◆ What you should do ◆
Make an exact copy of the listing underneath, skipping each picture.

***** Given material *****

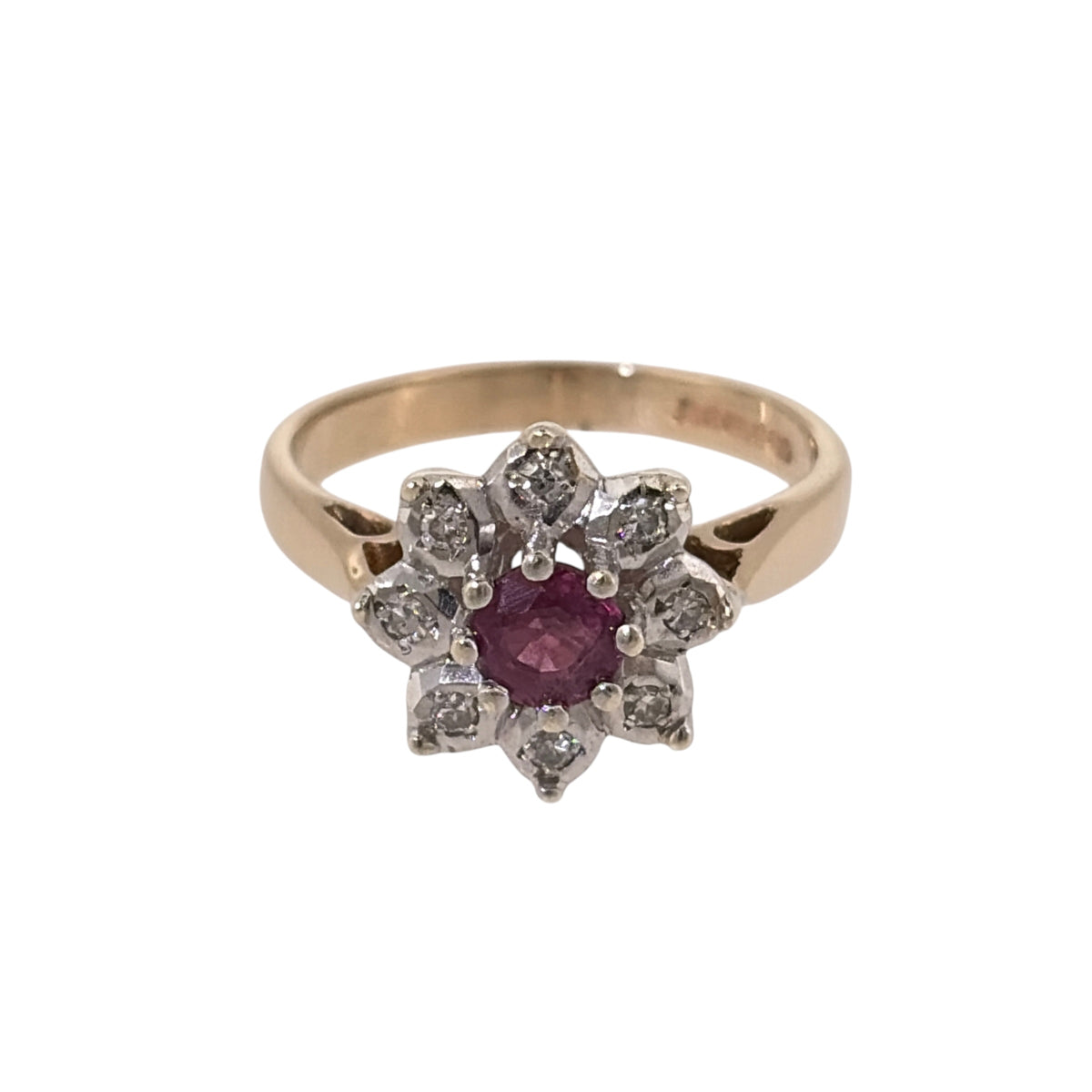 9ct Gold Diamond & Ruby Cluster Ring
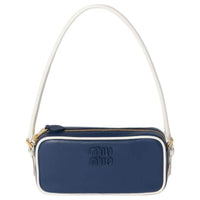 MIU MIU Cow Leather Shoulder Bag Women's Blue & White
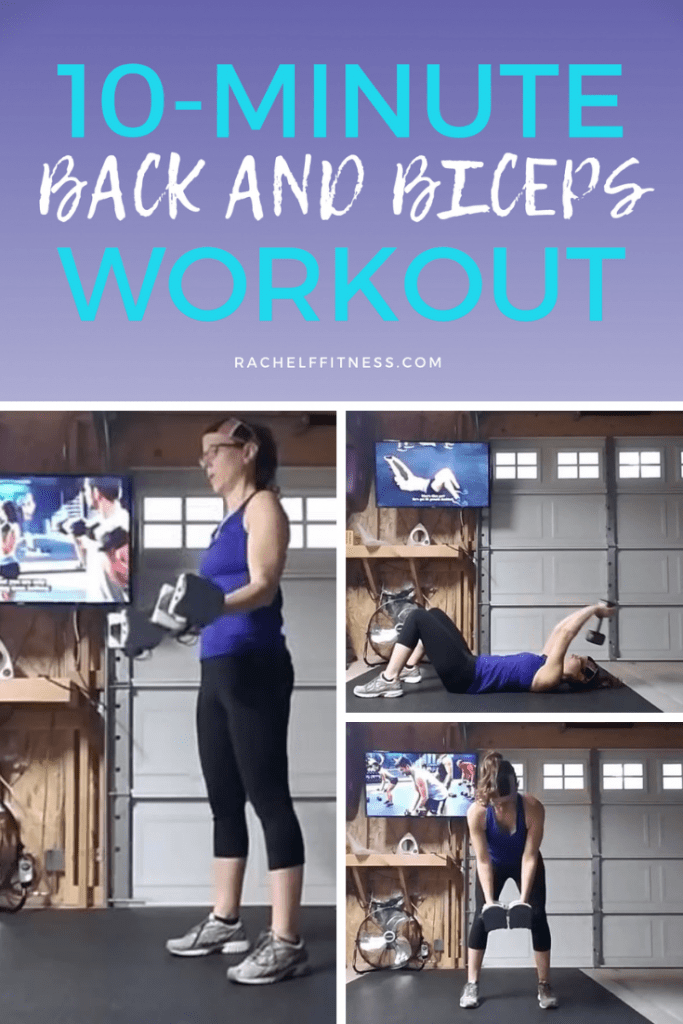 Quick 10 minute back and biceps workout at home using dumbbells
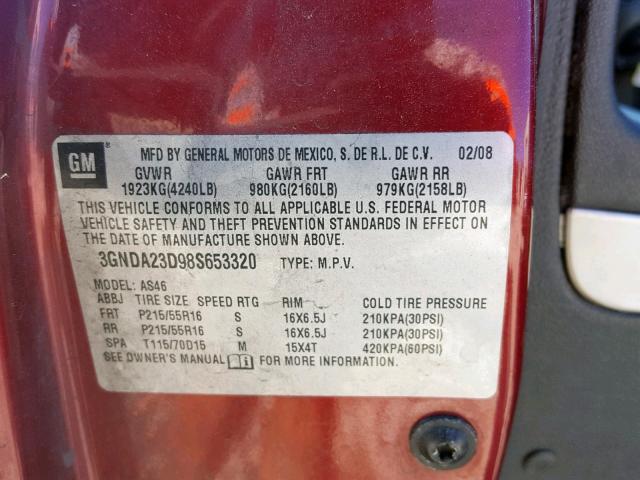 3GNDA23D98S653320 - 2008 CHEVROLET HHR LT RED photo 10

*****

◆ Response for this exercise ◆
 9ct Gold Diamond & Ruby Cluster Ring
 MIU MIU Cow Leather Shoulder Bag Women's Blue & White
 Quick 10 minute back and biceps workout at home using dumbbells
 3GNDA23D98S653320 - 2008 CHEVROLET HHR LT RED photo 10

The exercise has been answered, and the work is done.